But this notion was developed through time and we find now in DMS V that narcissistic personality disorder is a personality disorder with a long-term pattern of abnormal behavior characterized by exaggerated feelings of self-importance, an excessive need for admiration, and a lack of empathy.
From another angle, if we’re talking here about the obsession of Narcissus with his reflection, this era would be the age of Narcissus. People are getting obsessed more and more with their photos and videos shared on the internet. We’re showing up what we have and we seek admiration in the form of “views, likes, and shares”, and it is a closed-loop. The more you get views, the more you’re successful in the eyes of society, the more you will stay lying there craving the illusion.
The hidden key in the story of narcissus?
Apparently, the story of Narcissus will leave us with more questions than answers, but the first thing that came to my mind is: Are we at some point like Narcissus and the outside world is our pool? We are charmed by everything we see. We crave the illusion. Especially in our time with all the social media and people sharing every detail in their lives.
If you think about it, we can’t see ourselves with our two eyes.
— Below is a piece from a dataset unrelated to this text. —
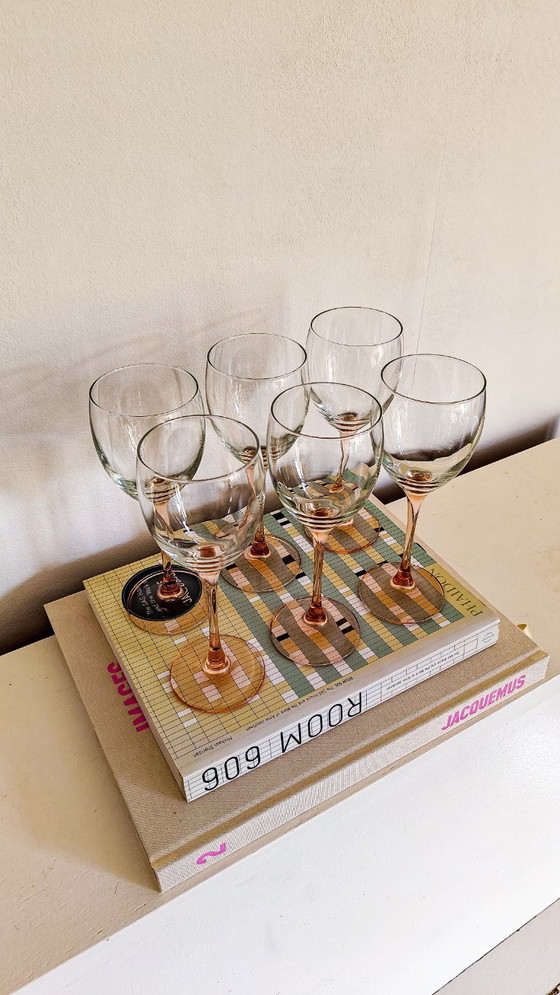 Image 1 of 12x vintage roze wijnglazen Luminarc France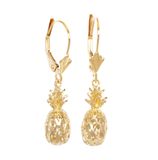 14K Gold Pineapple Leverback Dangle Earrings Hawaii 14K Gold Pineapple Leverback Dangle Earrings Hawaii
We can see some parts of our bodies, but we go through our lives seeing the outside world and others. Even when we want to see ourselves, we see a reflection in a mirror or on another surface on the other side of us…as if it is someone else.
If I define myself from a reflection I see on the other side, then I will always be identifying myself from everything I see there.
How can I know that my mirror reflection is not distorted by how I see others, and how I see society? Just like Jean-Paul Sartre said:‘ people who live in society have learned how to see themselves in mirrors, as they appear to their friends ‘.
If Narcissus did see how he appeared to others, then how was this supposed to be the means of knowing himself? Or does the clearness of the pool mean it purifies all those veils that society put on him?
If I ask if all be right
From mirror after mirror,
No vanity’s displayed:
I’m looking for the face I had
Before the world was made.
WILLIAM BUTLER YEATS
When I look back at my childhood, I always see myself trying to mimic girls in my class. I didn’t manage to be like them and I lost myself in the way. In fact, I didn’t know I had a self to lose, I just wanted to it and be like them… to fit in. I don’t know why, but it reminds me of Narcissus when he was looking at his reflection. The only difference is, I was looking for a reflection.
It is like trying to find yourself in a mirror but ignoring or forgetting your being, maybe from a lack of self-awareness, being unaware that there is something reflected, some essence, your base matter you could use to build this image you want to show to the world, it is like a state of permanent hypnosis.